Kainos: Breaching boundaries of limitation

Kainos: Breaching boundaries of limitation

Russell Sloan, Director of Digital Services, explains how Kainos has developed a unique mindset that embraces any digital challenge

Kainos takes pride in combining the disruptive power of technology with the courageous ambition of their people, to create a better world for all. 

It’s a bold statement, but considering the scale of the projects they have undertaken already – which include working with the UK Government, the NHS and the digital transformation of FS&I organisations – they aren’t afraid to challenge themselves, the organisations they partner with, or the communities and industries they operate within. It’s all about preparing for what comes next. 

With 12 years of consecutive revenue and profit growth for Kainos, the workforce also experienced strong growth over recent years with staff numbers nearing 2700, as of March 2022.


Transformative Digital Services

To help deliver these transformative solutions, that encompass a range of services from experience design to artificial intelligence, intelligent automation and cloud, Director of Digital Services, Russell Sloan, leads one of Kainos’ two specialist business units (the other a dedicated Workday Practice), providing full lifecycle development and support of customised digital services. The goal is to deliver truly intelligent solutions that are secure, scalable, accessible and cost-effective. 

Having joined Kainos in 1999 as a software engineer, Sloan has since enjoyed a dynamic career path, having held roles as a team leader, manager, and Head of Application Support.

Core to his role is leading Digital Services on the back of the work that GDS (Government Digital Service) were doing inside the UK government, including developing the Government Digital Strategy, which set out how the government should become digital by default in 2012.

In 2013, Sloan was made responsible for developing public sector business for Kainos – the largest and fastest growing area of activity in the company – alongside the aforementioned UK government’s ambitious and challenging ‘digital-by-default’ initiative.

Sloan now leads a team of over 1,400 staff, delivering digital transformation for government, healthcare and commercial sector organisations across the UK, Ireland, Europe and North America. A diversified business, 37% of Kainos work sits within the public sector, 41% in the commercial sector and 22% in healthcare.

On top of this, he is responsible for setting the strategic direction of the Digital Services business unit and developing long-term relationships through ongoing positive engagement.

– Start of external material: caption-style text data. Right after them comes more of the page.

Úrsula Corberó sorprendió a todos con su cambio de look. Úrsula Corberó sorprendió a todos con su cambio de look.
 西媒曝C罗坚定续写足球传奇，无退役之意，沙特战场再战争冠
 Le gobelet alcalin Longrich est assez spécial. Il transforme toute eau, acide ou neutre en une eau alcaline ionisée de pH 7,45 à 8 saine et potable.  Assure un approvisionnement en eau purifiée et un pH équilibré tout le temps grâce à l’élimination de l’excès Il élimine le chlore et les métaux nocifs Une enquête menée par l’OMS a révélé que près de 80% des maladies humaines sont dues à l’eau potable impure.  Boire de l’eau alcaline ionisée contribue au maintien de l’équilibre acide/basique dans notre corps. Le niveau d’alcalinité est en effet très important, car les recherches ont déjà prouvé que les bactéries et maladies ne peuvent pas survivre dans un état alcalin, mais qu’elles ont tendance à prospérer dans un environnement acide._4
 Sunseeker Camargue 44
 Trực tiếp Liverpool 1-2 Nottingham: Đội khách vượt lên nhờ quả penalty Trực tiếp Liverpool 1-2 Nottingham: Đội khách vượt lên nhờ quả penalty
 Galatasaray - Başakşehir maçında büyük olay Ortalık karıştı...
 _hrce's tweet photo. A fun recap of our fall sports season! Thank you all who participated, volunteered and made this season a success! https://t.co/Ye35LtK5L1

Sloan and Kainos know that the key to helping customers solve their biggest technological challenges is maintaining a continuously engaged and well developed team, which creates sustainable and predictable growth and a culture
of innovation.


The Workday Practice

The Workday Practice is the other core pillar of the business, with Kainos taking £384mn of the global addressable automated testing market in 2021 with its Smart Test solution (a winner at the 2022 Workday Partner Innovation Awards). 

Back in 2011, Kainos started to formulate a new strategy and developed a relationship with the disruptive cloud-based ERP, Workday, as an early-stage partner (now one of just 37 globally). 

Since then, Kainos has been helping organisations worldwide to deploy, test, optimise, audit and support their Workday platforms. An approved Workday Service, Software and Extend partner, Kainos has now made its mark as the only three-time Workday partner in the global ecosystem.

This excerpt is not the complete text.